I have just started to research this, but I was wondering what the
experience has been with AD/AM. From an operational standpoint (both
administration and usage), what kinds of things will work differently
when I use AD/AM vs. "regular" AD?

This would be for (purely) running a secure website (under IIS).

Thanks in advance!!!
 
E

Eric Fleischman [MSFT]

(Cross posting to the 2003 AD newsgroup as that's typically where we find
ADAM posts)

It's tough to answer this in a quick post without doing a copy/paste of the
white paper, but a few thoughts off of the top of my head:

1) ADAM would have an independent schema from your existing AD
infrastructure
2) ADAM could have many instances running on a single server whereas for
each domain you had you would need at least one server (DC) to host it.
3) ADAM has bind redirection which is nice for some applications.

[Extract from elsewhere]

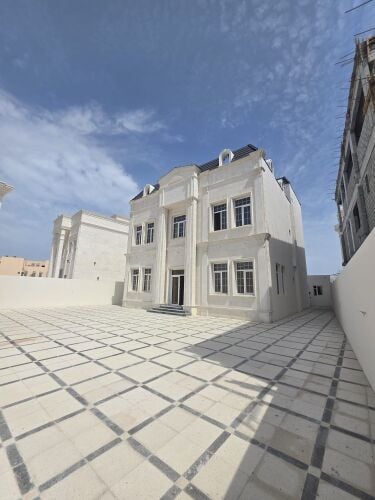 للبيع فيلا في الخور موقع ممتاز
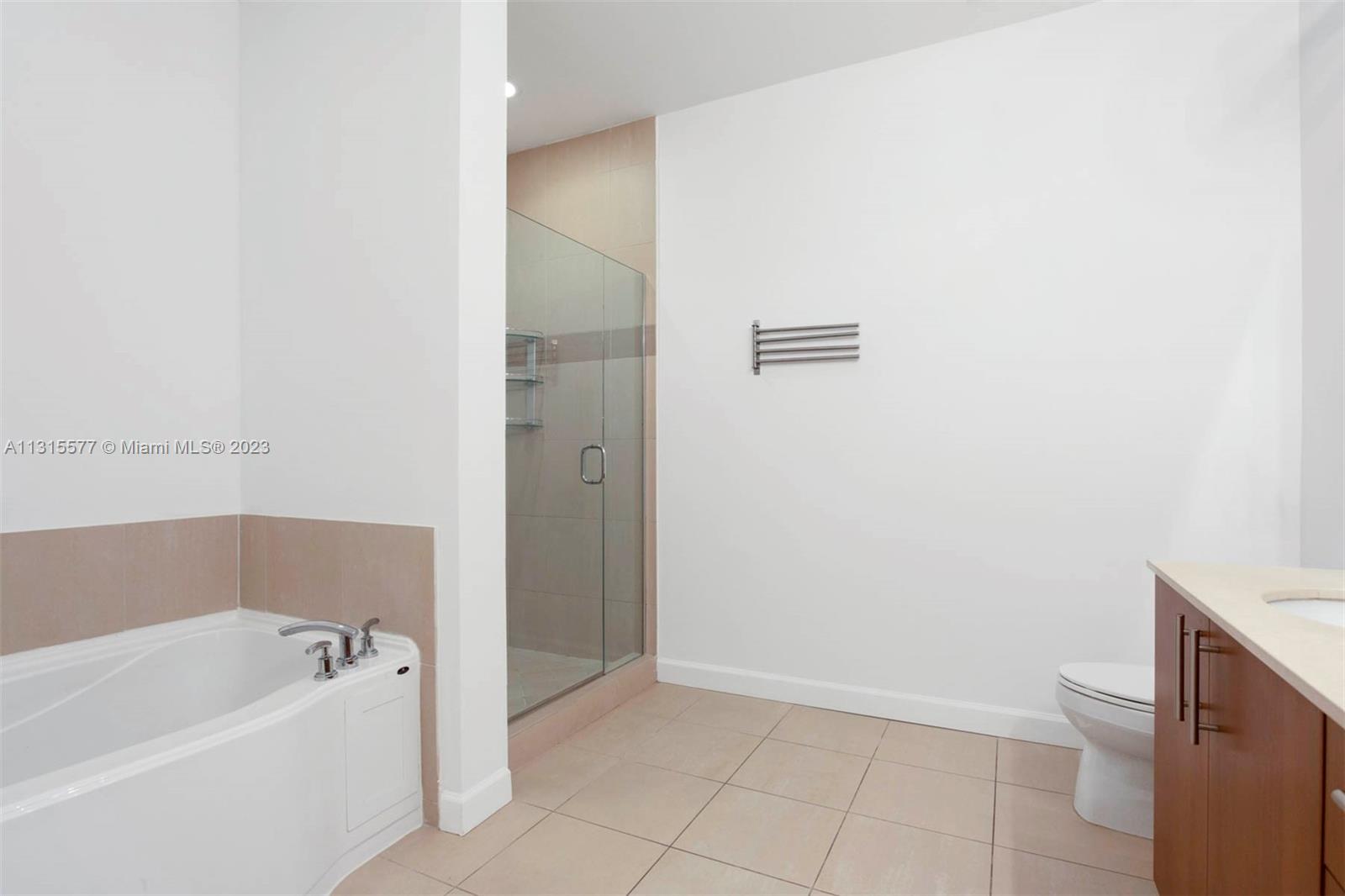 OCEAN MARINE YACHT CLUB C - Residential Lease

On the flip side, advantages of AD:
1) It is a full domain, full security principals, kerberos, clients joining
the domain, etc.
2) Group policy.
3) A big thing to remember: you can *NOT* ACL resources outside of ADAM with
ADAM users. So if you had an ADAM user and wanted to grant them access to a
file, strictly speaking, you can't do that. You would want AD for that.

From a pure LDAP/ADSI perspective, you'll find them similar I think.

Others will probably have other suggestions/thoughts on the matter.
I'd suggest checking out the white paper to see some of the recommended ADAM
useage scenario's.

~Eric
 
D

Dmitri Gavrilov [MSFT]

One thing to add: you can not impersonate an ADAM user in windows, so none
of IIS auth methods will work for ADAM users, because they involve IIS
thread impersonating a windows user. You can get around by carrying
username/pwd around (in a session var or a cookie), and use them to access
data in ADAM with ADSI or LDAP. Or you can always use IIS account to access
data in ADAM -- but then you can't ACL adam objects for different adam
users..

--
Dmitri Gavrilov
SDE, Active Directory Core

This posting is provided "AS IS" with no warranties, and confers no rights.
Use of included script samples are subject to the terms specified at
http://www.microsoft.com/info/cpyright.htm

Eric Fleischman said:
(Cross posting to the 2003 AD newsgroup as that's typically where we find
ADAM posts)

It's tough to answer this in a quick post without doing a copy/paste of the
white paper, but a few thoughts off of the top of my head:

1) ADAM would have an independent schema from your existing AD
infrastructure
2) ADAM could have many instances running on a single server whereas for
each domain you had you would need at least one server (DC) to host it.
3) ADAM has bind redirection which is nice for some applications.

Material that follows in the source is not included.